The Advanced Labs or Meta Labs are a set of programs designed to explore the philosophical bases of process work. These labs go beyond the exploration of dynamics and consequences, to explore the context and nature of human existence. Participation in at least two such Labs is essential for individuals to satisfactorily complete the Fellowship program. These Labs are held separately from the Summer Institution.
The Bindu Lab series is founded on the principle that each moment holds the entire universe of experience. This series of labs is geared to exploring the processes (as opposed to the content) of our experience. It is distinct from other lab work as in being free of concerns of becoming such as causes and effects, benefits and disadvantages, success and failure etc. It is designed to create a space for exploring and nourishing the linkages between mind, body and spirit.

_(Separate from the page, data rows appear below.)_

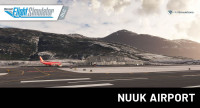MM Simulations - BGGH - Nuuk Airport MSFS MM Simulations - BGGH - Nuuk Airport MSFS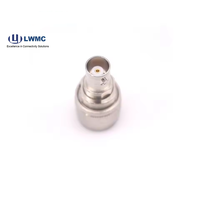 Connecteur de câble coaxial en laiton N mâle vers adaptateur coaxial RF femelle BNC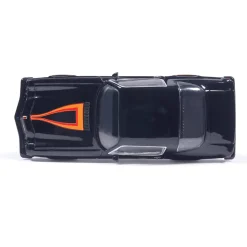1977 Chevrolet Camaro Z28 - Black 1:64 Scale Diecast Model Car by IXO Models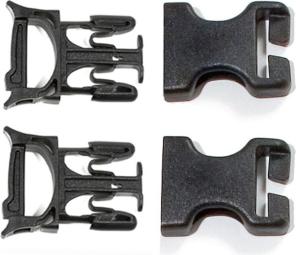 Ortlieb Reparaturkit Steckverschluss Stealth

The exploration in LT is the dynamics between the ‘actor’ the ‘mirror’ and the ‘witness’ as they play-out in ones ‘inner canvas’. Ones own inner drama, the propensity to favor certain personas and listen to certain voices and use ones inner structures in certain ways becomes blatantly visible, not through words, but through the body, and the body never lies! LT focuses on the body as the concrete expression of ones identity, it helps one explore the inner space where our many selves enact an inner drama, the drama that is the ground for ones outer expression and relatedness.
The Gender and Identity Lab is a weeklong residential lab offered by
Sumedhas, on how the idea of gender is configured consciously and unconsciously in our psyche and hence its implications on identity formation and role taking processes.

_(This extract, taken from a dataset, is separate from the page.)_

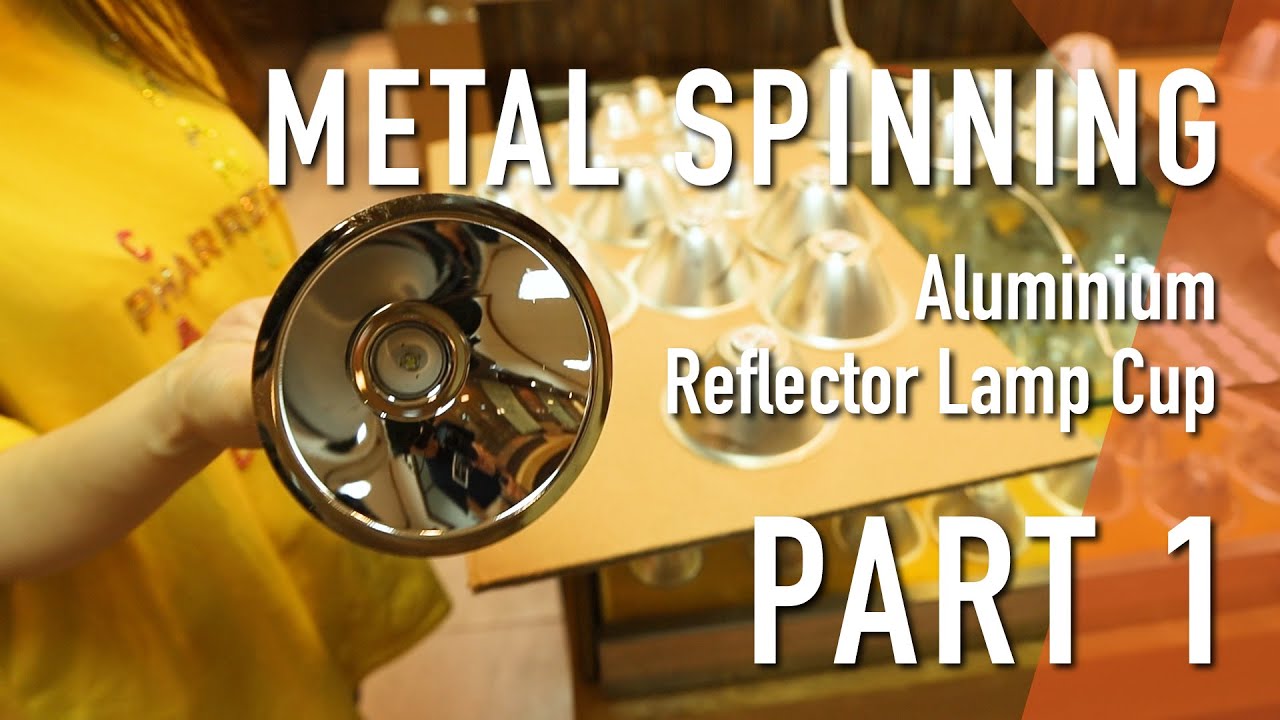 Aluminium reflector lamp cup making machine (CNC metal spinning machine with manipulator) WLL-SRS450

The lab is an experiential workshop, based on principles of process work and uses the ‘here and now’ reality to
examine intra-personal and inter-personal dynamics between men, women and transgendered persons to explore and discover one’s gender identities, conflicts and struggles therein.
This discovery, recognition and cognitive and emotional acceptance of oneself and the influence and impacts of culture therein leaves one to re-examine experiences and meanings held with those meanings, and further define choices and actions for oneself, enabling people to explore newer ways of being.
While frames of analysis are drawn from an eclectic body of work on psychology, sociology and philosophy, the lab is not an academic or theoretical study on gender.
Symbols, metaphors, similes and the like are intertwined and interwoven with the voices of human processes. Be they processes originating in roles, in one’s concept of one’s self, in the body, or from one’s spiritual or cosmic identity, or the identity of human collectives – symbols readily provide a way of articulating that which is unarticulated and making the invisible visible. As Carl Jung, the acknowledged architect of Analytical Psychology, puts it “an examination of Man and his Symbols is in effect an examination of man’s relation to his own unconscious”.